Des ressources collectives

En parallèle à ces actions à court et moyen termes, le Périscope souhaite poursuivre la dynamique collective sur la question carbone insufflée par la Promotion Climat, et entraine ses partenaires avec lui. Tout d’abord, un travail est mené au sein du projet européen Footprints auprès des artistes, des salles et des producteur·rices/agent·es participant·es et sélectionné·es, en organisant des tables-rondes et des ateliers de sensibilisation, mais également en travaillant ensemble à des tournées plus durables, en allongeant leurs durées et en diminuant les distances entre chaque date. Cette mutualisation des tournées avec d’autres salles et/ou festivals est un des leviers qui est également mis en avant par le Shift Project dans son rapport intermédiaire « Décarbonons la Culture »

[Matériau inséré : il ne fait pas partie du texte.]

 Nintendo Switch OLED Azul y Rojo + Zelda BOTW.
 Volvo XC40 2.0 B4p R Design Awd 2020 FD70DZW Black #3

L’équipe du Périscope a par ailleurs mis en place un questionnaire en interne pour interroger la nécessité des déplacements professionnels et comparer les différents modes de transports possibles.

Le Périscope porte par ailleurs la question carbone au sein du réseau AJC , collectif de 80 diffuseurs (festivals, clubs, scènes labellisées, …) s’engageant également dans différents projets collectifs. Il a pour cela lancé une expérimentation avec 10 structures (8 membres d’AJC et 2 partenaires du projet Footprints : Oslo Jazz Festival et Bimhuis à Amsterdam). Chacune de ces structures effectuera son bilan carbone en suivant la même méthodologie que celui du Périscope, c’est-à-dire en prenant en compte les Scope 1, 2 et 3 et les tournées des artistes pour l’année 2019, ce qui permettra une vision élargie de l’impact du secteur du Jazz et apportera des ordres de grandeurs et une feuille de route commune. Cette étude en cours donnera lieu à une première présentation publique lors de l’événement Jazzra à Clermont-Ferrand fin novembre.

Le Périscope s’est donc lancé dans une expérimentation, il se projette dans le temps et entraine ses partenaires et parties prenantes, en attendant d’entrainer l’ensemble du secteur. Si l’on considère l’industrie musicale dans son ensemble, cela peut sembler une goutte d’eau dans l’océan. Un groupe modeste jouant 30 à 40 concerts dans des salles de petite ou moyenne taille a une empreinte carbone annuelle de plus de 20 tonnes rien qu’en Europe. Comme le met en avant le rapport du Shift Project, un festival en périphérie rassemblant 280 000 personnes sur quatre jours émettra environ 13800 TeqCo2. Mais en démontrant l’importance pour l’industrie de la musique de s’aligner sur une trajectoire bas-carbone, par ses expérimentations et au-delà de la prévention des risques qu’il encourt, le secteur du jazz et des musiques improvisées peut montrer la voie et promouvoir un certain modèle plus frugal et durable.